これは、アイルランドの古い習慣のひとつで
クリスマスにはご先祖さまのお墓にも、
過ぎ越しの祭を祝うリースを、
かならずお供えするのだそうです。




クリスマスらしい花材といえば、
もみの葉に松ぼっくり、ヒイラギ、たくさんの実もの、
赤と緑、金と銀、それにヤドリギあたりが定番といったところ。



中でも今年よく使ったのは、
イチー・ベリーという大きな実ものでした。





ぴんぴんと赤い実が枝から飛び出していて、
動きがあってかわいいでしょ。



イチー・ベリーは、その名の通り、
実の汁に触れると皮膚が痒くなるので
このあたりでは小学生同士の、格好の遊び道具でもあります。



道端でイチー・ベリーを見つけたら、
手近な木の幹や塀の上でさっとつぶし、
友達の背中(もちろん服の内側)に放り込むわけです。



この実が実る季節になると、3人も4人も一緒に
ばたばた背中を痒がりながら、それでもきゃあきゃあ笑って
走り過ぎていく小学生の集団を、ときどき見かけます。



子供のころ、草や木はこんな風に、
いつも身近な遊び道具だったんですよね。
いまの東京で、小学生くらいの子供たちは、
どうやって植物と遊んでいるのかなあ、と、
ふと考えさせられたりもします。




そんなクリスマスも近いある日、家に帰ったら、
ハウスメイトのロレインが
「いいもの買ってきたよーん。
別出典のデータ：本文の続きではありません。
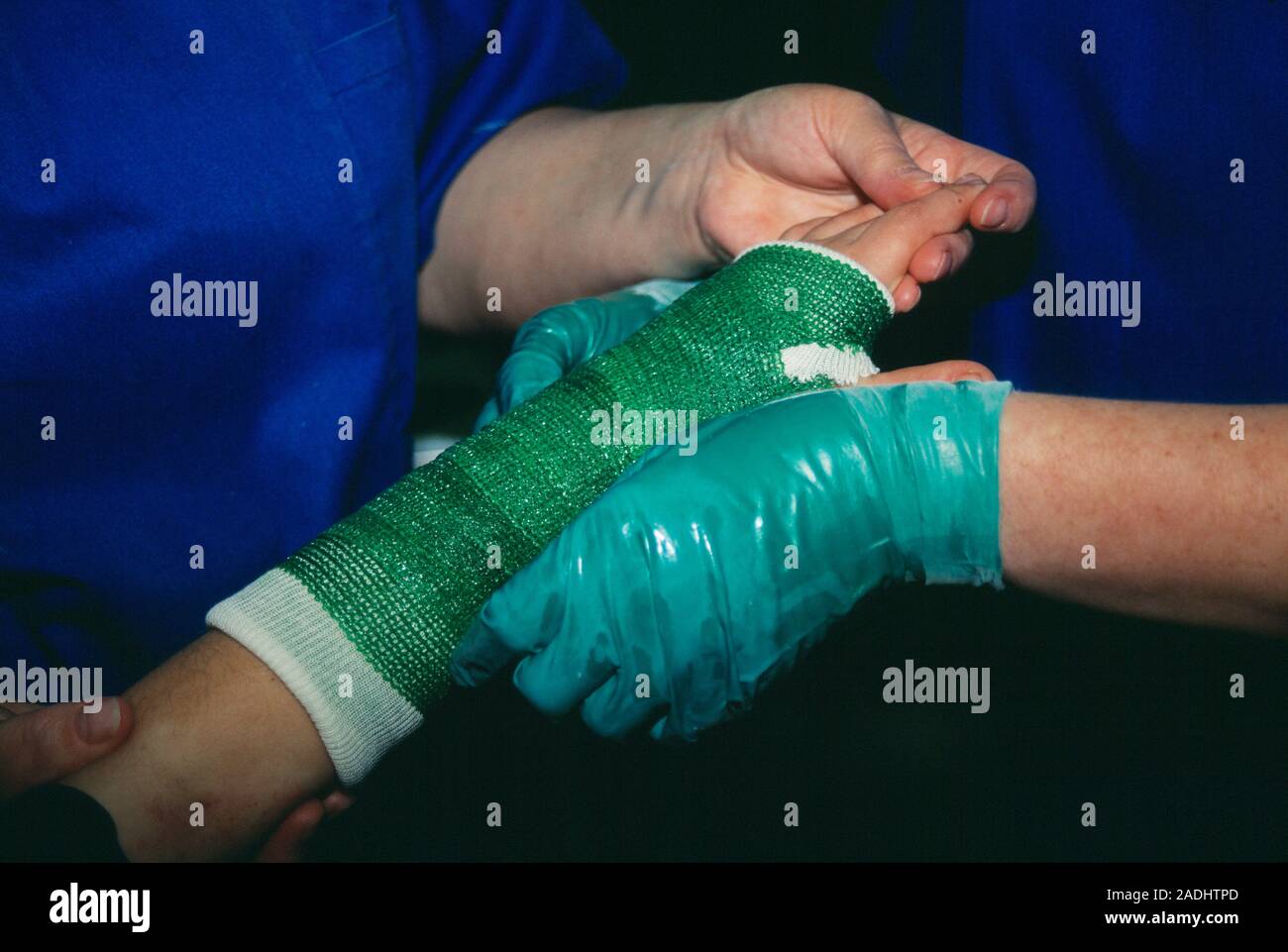 Broken wrist. Hands of orthopaedic nurses applying a fibreglass cast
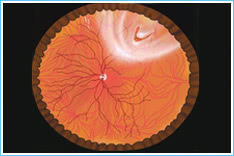 2. Peripheferal-retinal-hole 2. Peripheferal-retinal-hole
キッチン見てみて。」
と、うれしそうに笑いながら迎えに出てきたことがありました。



そこに待っていたのは、なーんと! 
我が家初の、クリスマス・ツリー!!





わーお!



「すごい、大きい、本物じゃん! どうしたのこれ?」
「買ってきたよ、もちろん。
 『我が家の』クリスマス・ツリー、だからね。ヤッター!」



うーん、なんというか、
誰も彼も子供みたいに楽しんでますね。



きっと日本では、大晦日にむけて、
もう数日、忙しい日々が続いているころ。



みなさま、どうかよい年をお迎えくださいませ。